Some feel that banning outright the running of reds is acceptable, but that it’s unfair to ticket drivers who roll through a right turn on red. However, rolling through a right on red can be dangerous, since the tendency is to fixate on the traffic flow to the left, ignoring the chance that a pedestrian might venture out into the cross walk on the right. Pedestrians get killed this way.
Another argument I’ve heard is that RLCs are unfairly “trapping” motorists. Really? It’s not like FBI agents posing as Arab sheiks are offering drivers suitcases full of cash to go through intersections. Nobody but themselves is causing drivers to break laws, and these are laws they have agreed to obey as a condition of getting behind the wheel.
This raises what I ultimately think is the strongest argument in favor of RLCs. This is not that RLCs are effective in preventing accidents, but that running a red light is a crime.
If indeed RLCs are associated with rear-end collisions, the ultimate problem is that red lights force people to stop, not that the RLC enforces that rule. The ultimate fix would be to change the law and make red lights a friendly suggestion as opposed to a requirement.
If anti-RLC folks will not take this obviously outlandish position, they are forced to argue that we should have a law but should not enforce it. In fact, many that I have spoken to do attempt to defend this position, by arguing that somehow the camera is a sinister invasion of privacy that would make John Locke and James Madison roll over in their graves. According to this argument, it is thus worth tolerating rampant lawbreaking.
However, the camera only surveils you if you break the law in a public place. Moreover, it records nothing of your behavior except that you were in the intersection. Its judgments are made with robotic precision, and it treats all motorists with impartiality.

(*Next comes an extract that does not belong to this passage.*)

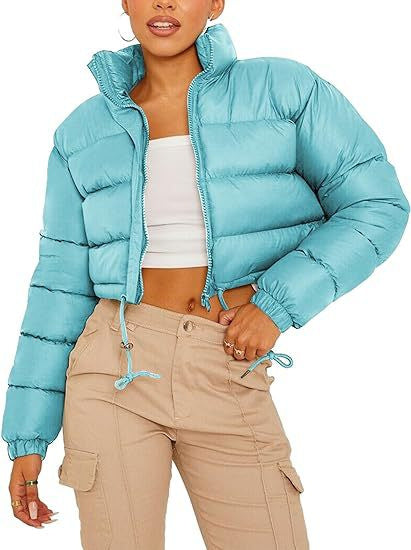 Woman models trendy light blue puffer jacket, white crop top, beige cargo pants for FashionRay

Policemen on the street, on the other hand, are vastly more invasive and potentially unjust because they are surveiling you when you are not breaking the law, have the ability to bust you on more severe charges emanating from a traffic stop (e.g. if you have drugs in the car), have fallible judgment about whether you were in the intersection, and have the ability to enforce the law selectively (e.g. racial profiling). If privacy is your concern it would actually be far better to have RLCs, but ban police from the streets. If you concede that it is kosher to have policemen on patrol I see little basis for arguing against RLCs, which are actually considerably more benign.
A major problem for RLCs is common to many public policies: those who are punished know who they are, but the beneficiaries do not. Also, it is hard to point to the benefits of something not happening. People who get tickets from RLCs are often bitter, and can turn into vocal enemies of the program. However, there are hundreds of people walking around today whose lives were saved by an RLC but will never know that they cheated death thanks to a camera. Consider that you might be one of them. Or if you really do hate RLCs, I’d suggest you fight back and teach those money-grubbing bureaucrats a lesson… by stopping at each and every red light.